Pictures aside, reproduce exactly and only the lines from the one containing "To save or export" through the end of the records.

__Supplied data__

※ ※ ※

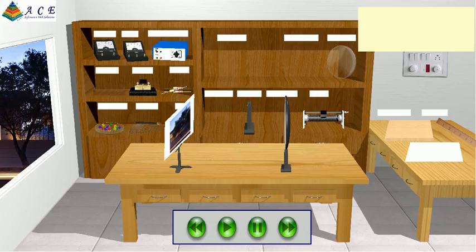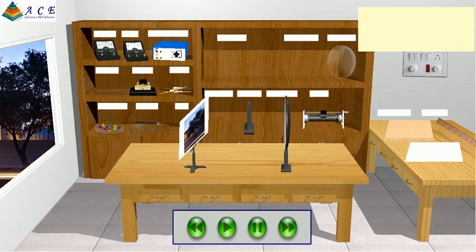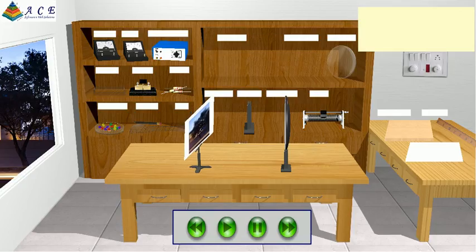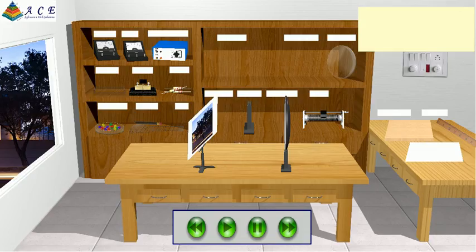Focus the white screen properly to get a clear image. Observe that the image is a little clear. Focus again properly. Observe that the image is now very clear.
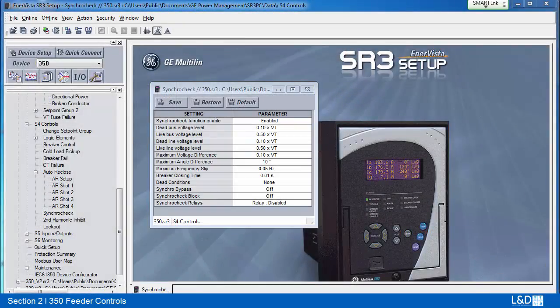Synchro-check element is used for monitoring the connection of two parts of a circuit by closing a breaker. This element verifies that the voltages VL and VB at both sides of the breaker are within the magnitude, angle, and frequency limits set by the user. VL and VB are the line and bus voltage values measured by the device. There must be the same VT connection on both sides to be compared on the same basis, either phase-to-phase or phase-to-ground. Synchro-check is normally executed under live line and bus conditions.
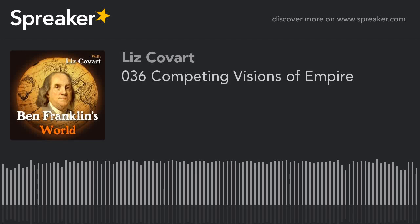Welcome to Ben Franklin's World, a podcast about early American history with Liz Covart. The study of history is key to understanding who we are and how we can affect a better future. Ben Franklin's World will introduce you to historical people and events that have impacted and shaped our present-day world. And now, here's your host, Liz Covart.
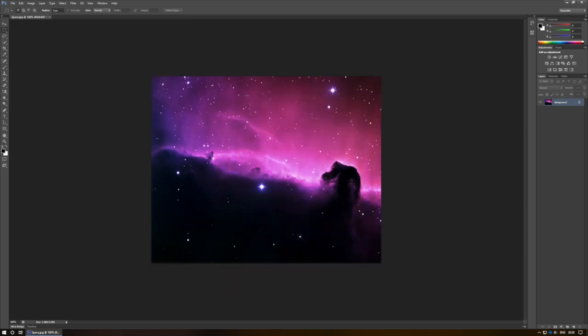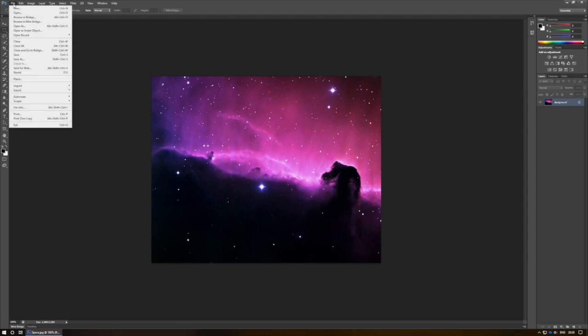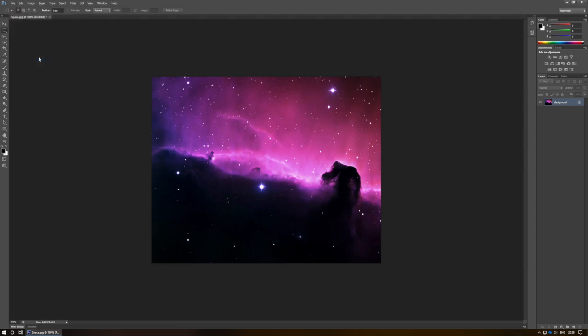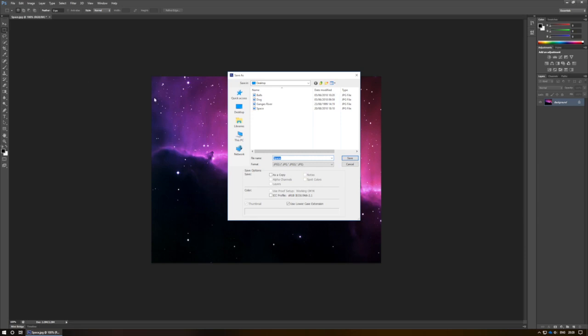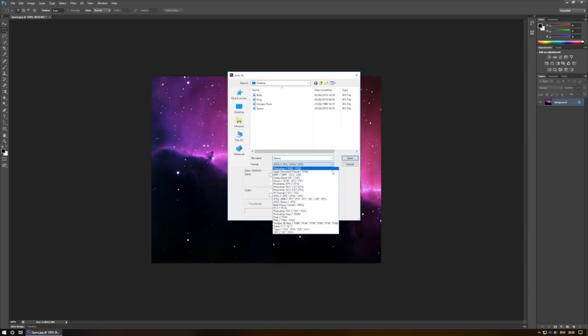To save or export files in Photoshop, I choose File Save As, and then I can save it as a variety of different types, from JPEGs to PNGs to the original Photoshop RAW file.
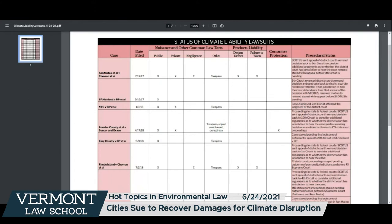That's enough on procedural status — people can ask questions on any of that. It is convoluted and multi-layered. Let's go to the broader question: what kinds of damages are these cases seeking? What are they going to have to prove by a preponderance of the evidence before a state court jury? These are all jury cases so far — maybe some consumer protection cases might be bench trials, but the jury trial is the major focus.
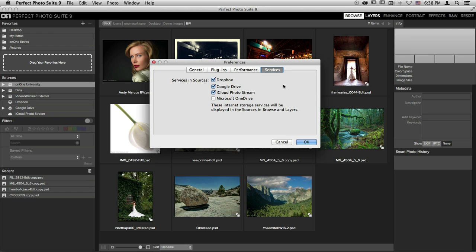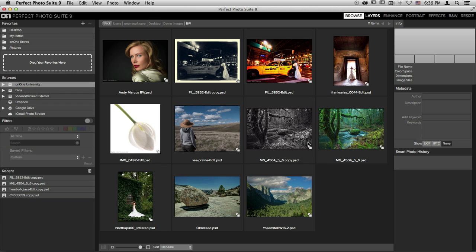The last tab is going to be Services. These are all of the different online storage services that you have access to, and you can pull images from inside Perfect Browse. You'll notice that I have Dropbox, Google Drive, and my iCloud Photo Stream checked, but not Microsoft OneDrive. That's because I don't have a OneDrive account, so I've unchecked that so I don't have to see it in my Sources pane on the left-hand side of my screen. You can check or uncheck any of these different options to access them. Once you're done inside the Preferences, go ahead and just click OK, and those changes will be saved.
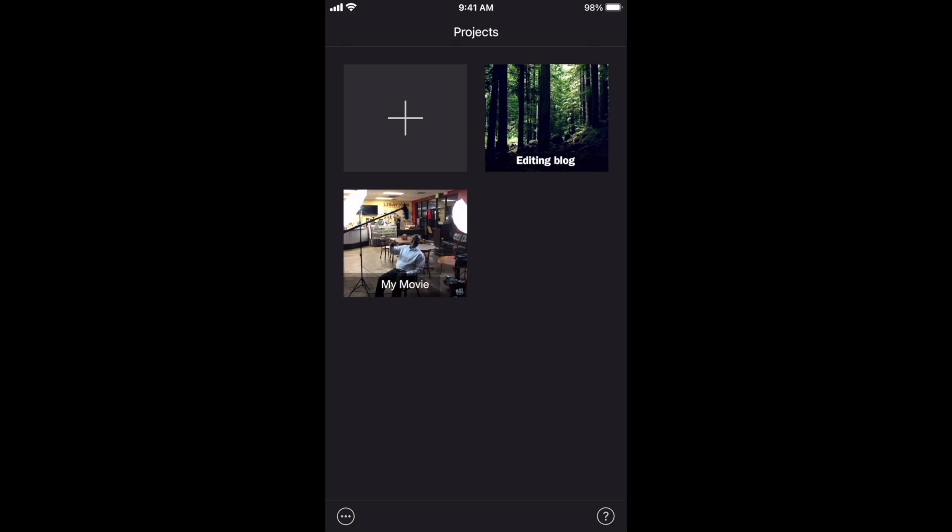So real quick, today I'm going to show you my method for exporting audio only from your iMovie app, whether it's on your iPad or your iPhone.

※ ※ ※

__Exercise output__
To save or export files in Photoshop, I choose File Save As, and then I can save it as a variety of different types, from JPEGs to PNGs to the original Photoshop RAW file.
That's enough on procedural status — people can ask questions on any of that. It is convoluted and multi-layered. Let's go to the broader question: what kinds of damages are these cases seeking? What are they going to have to prove by a preponderance of the evidence before a state court jury? These are all jury cases so far — maybe some consumer protection cases might be bench trials, but the jury trial is the major focus.
The last tab is going to be Services. These are all of the different online storage services that you have access to, and you can pull images from inside Perfect Browse. You'll notice that I have Dropbox, Google Drive, and my iCloud Photo Stream checked, but not Microsoft OneDrive. That's because I don't have a OneDrive account, so I've unchecked that so I don't have to see it in my Sources pane on the left-hand side of my screen. You can check or uncheck any of these different options to access them. Once you're done inside the Preferences, go ahead and just click OK, and those changes will be saved.
So real quick, today I'm going to show you my method for exporting audio only from your iMovie app, whether it's on your iPad or your iPhone.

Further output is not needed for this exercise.